Le look associé aux idées, les Ludwig se lâchent sur scène à coup de confettis gigantesques, ballons géants et effets pyrotechniques et lumières épileptiques pour nous servir un show inoubliable.
Certains titres emblématiques seront de la partie. Sur la vie d’mon père et Louison Bobet feront un petit come-back très plaisant de manière inter-générationnel. C’est le carton plein. La convivialité est de mise, et être ainsi capable de réunir un public de tous les âges et de tous les genres forgent le respect. Tout les groupes n’y sont pas capables. Surtout après tant d’années de séparation.
Mais, depuis ses quinze ans d’absence le groupe n’a pas chômé et va aussi servir sur un plateau d’autres de ses dernières compositions telles que Jean-Pierre Ramone hommage au titre Blitzkrieg Bop des Ramones, Disco Pogo Nights ode à la musique disco mais toujours avec sa touche rock alternative made in Ludwig, à base de YMCA et anarchie endiablée. Ses nouveaux titres les ancrent définitivement dans le temps présent. Ils ne se contentent pas de revenir en surfant sur leur succès passé, en se prenant pour les jeunes qu’ils ne sont plus, mais font évoluer leurs idées et leur musique avec eux. Au final, le plaisir est presque plus intense sur la découverte du dernier album. Derrière cette façade de farce ubuesque, les textes sont toujours aussi engagé et mordant face au constat de la société en 2019. Comme un coup de pied au cul des vieux de la veille, pour rappeler aux jeunes qu’il ne faut jamais rien lâcher.
Au final, le pari est réussi pour Ludwig von 88 ,et si la réceptivité de leur univers déjanté sera à l’appréciation de chacun, il est évident qu’ils méritent toujours que l’on se donne la peine de bouger pour aller les voir. L’humour n’a pas pris une ride et bien que de nos jours les débats sur ce dont il est acceptable de rire ou non font rage, ils s’inscrivent comme un vestige surpuissant de cet humour 80’s . Et c’est sur les dernières notes de Houlala que le concert prend fin.

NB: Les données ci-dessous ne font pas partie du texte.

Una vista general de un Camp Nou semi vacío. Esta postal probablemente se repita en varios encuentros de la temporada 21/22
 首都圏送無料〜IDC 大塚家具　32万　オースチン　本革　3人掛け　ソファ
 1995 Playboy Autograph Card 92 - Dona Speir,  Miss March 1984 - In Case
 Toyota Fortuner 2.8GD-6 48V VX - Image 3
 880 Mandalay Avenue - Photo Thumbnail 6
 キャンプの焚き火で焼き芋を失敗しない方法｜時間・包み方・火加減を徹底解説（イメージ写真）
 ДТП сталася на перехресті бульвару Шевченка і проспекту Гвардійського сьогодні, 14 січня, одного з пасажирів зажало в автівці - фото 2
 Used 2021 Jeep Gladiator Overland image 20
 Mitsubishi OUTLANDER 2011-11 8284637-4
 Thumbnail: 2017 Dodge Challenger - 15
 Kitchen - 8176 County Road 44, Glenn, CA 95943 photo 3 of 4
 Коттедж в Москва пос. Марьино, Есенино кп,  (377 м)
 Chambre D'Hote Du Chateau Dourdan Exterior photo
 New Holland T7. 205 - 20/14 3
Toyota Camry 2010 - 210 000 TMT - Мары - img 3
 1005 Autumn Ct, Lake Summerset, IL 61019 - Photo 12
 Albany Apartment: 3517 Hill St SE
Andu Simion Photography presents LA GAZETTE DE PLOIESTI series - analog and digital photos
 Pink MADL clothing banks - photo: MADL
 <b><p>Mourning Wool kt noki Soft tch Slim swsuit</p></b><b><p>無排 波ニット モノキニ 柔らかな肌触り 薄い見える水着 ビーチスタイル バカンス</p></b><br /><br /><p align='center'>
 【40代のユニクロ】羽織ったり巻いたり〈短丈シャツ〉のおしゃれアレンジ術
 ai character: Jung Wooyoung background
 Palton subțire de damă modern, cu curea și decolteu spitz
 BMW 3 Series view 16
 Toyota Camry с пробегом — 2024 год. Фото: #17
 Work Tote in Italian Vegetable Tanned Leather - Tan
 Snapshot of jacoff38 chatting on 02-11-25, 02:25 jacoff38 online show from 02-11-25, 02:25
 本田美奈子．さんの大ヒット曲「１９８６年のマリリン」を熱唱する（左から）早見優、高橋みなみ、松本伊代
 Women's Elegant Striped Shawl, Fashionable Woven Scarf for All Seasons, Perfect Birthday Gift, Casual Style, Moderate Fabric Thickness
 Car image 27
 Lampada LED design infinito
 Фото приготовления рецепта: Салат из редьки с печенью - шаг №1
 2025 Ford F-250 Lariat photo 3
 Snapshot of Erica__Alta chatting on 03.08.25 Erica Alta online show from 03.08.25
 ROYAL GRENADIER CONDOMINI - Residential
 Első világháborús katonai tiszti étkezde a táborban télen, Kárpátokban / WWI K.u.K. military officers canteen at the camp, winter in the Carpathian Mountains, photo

Bilan : On en ressort éreinté mais, pour notre plus grand bonheur. Avec une première partie très sympathique et un deuxième groupe mythique qui à su mettre ( littéralement ) le feu à la salle, la soirée ne pouvait qu’être parfaite. On remercie grandement Château rouge pour l’accueil, ainsi que tout le travail effectué en amont pour rendre la culture la plus accessible possible dans une ville ou la loi du pognon est particulièrement forte de par sa proximité frontalière avec la Suisse, et ne permet pas à tout le monde de pouvoir profiter des événements locaux. Un grand merci aux groupes pour l’ambiance, la convivialité, mais aussi au public sans qui les concerts n’existeraient pas.